START DATASET SECTION
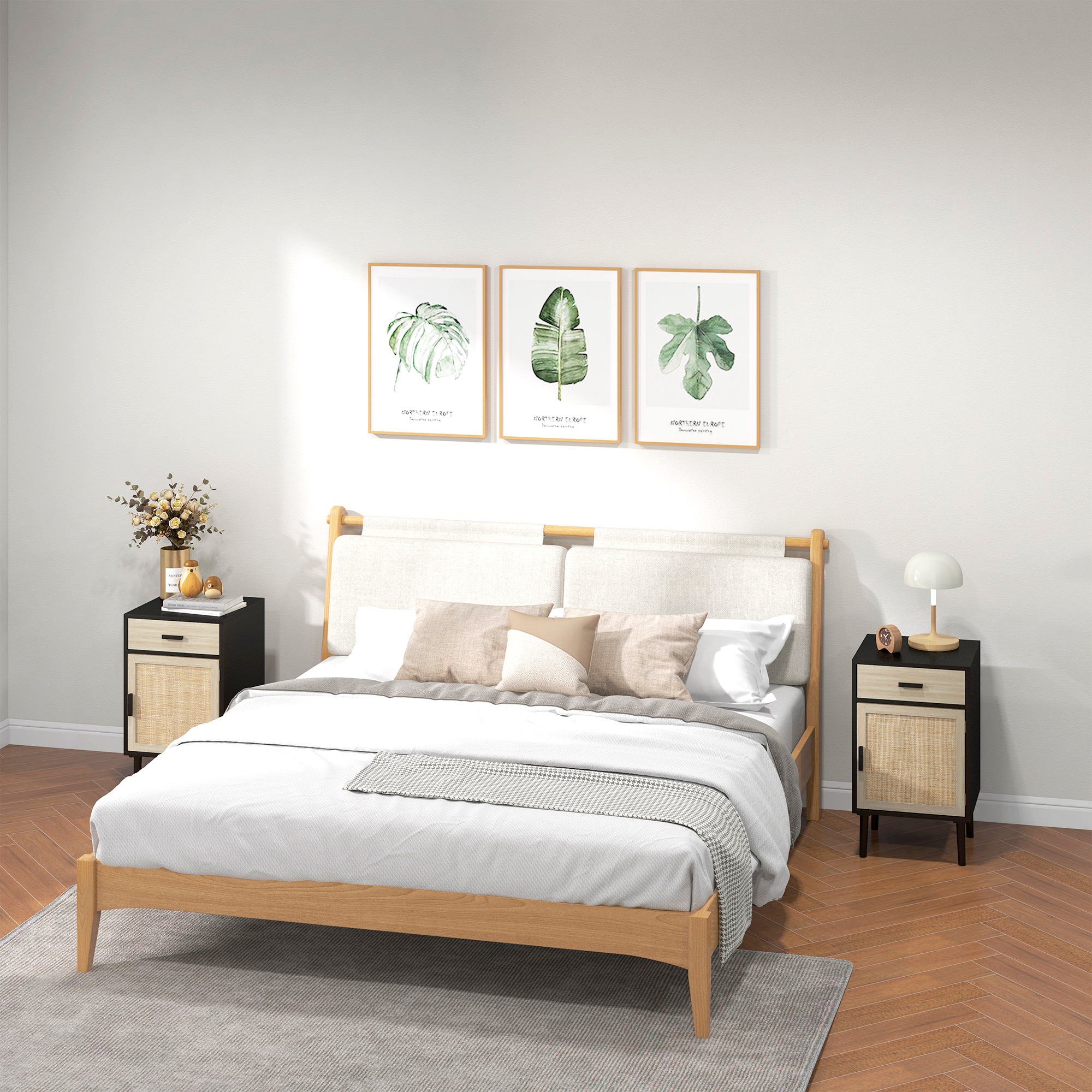 HOMCOM Boho Night Table Set: 2 Pieces, 3-Level Shelf, Rattan Cabinet, Nightstands, Bedroom, Black Aosom Canada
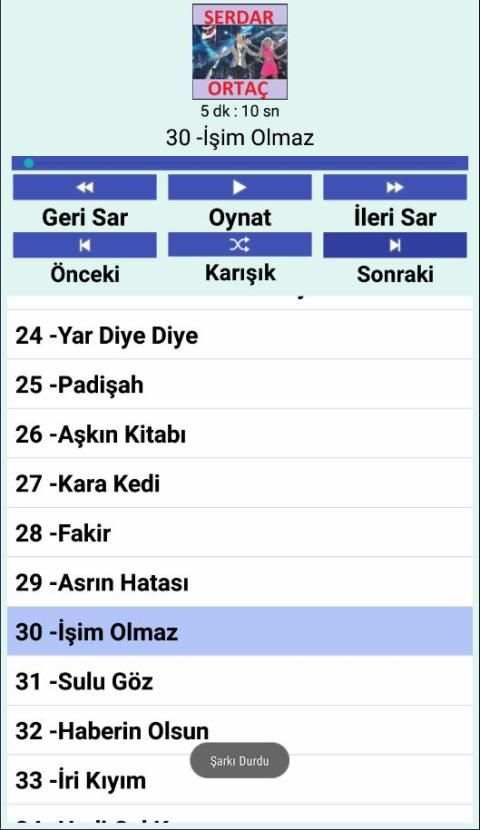 Serdar ORTAÇ Şarkıları (İnternetsiz 40 Şarkı) screenshot 2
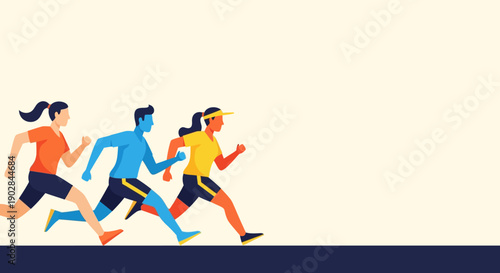 Dynamic Group of People Running in Race Against Clear Background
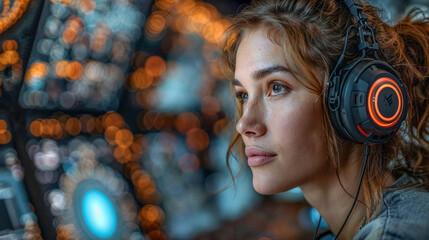 A female air traffic controler on training looking at computer screens.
END DATASET SECTION
— AIM OF THE TASK —
For this exercise, transcribe the data exactly but without its pictures.

— WRITTEN REPLY —
 HOMCOM Boho Night Table Set: 2 Pieces, 3-Level Shelf, Rattan Cabinet, Nightstands, Bedroom, Black Aosom Canada
 Serdar ORTAÇ Şarkıları (İnternetsiz 40 Şarkı) screenshot 2
 Dynamic Group of People Running in Race Against Clear Background
 A female air traffic controler on training looking at computer screens.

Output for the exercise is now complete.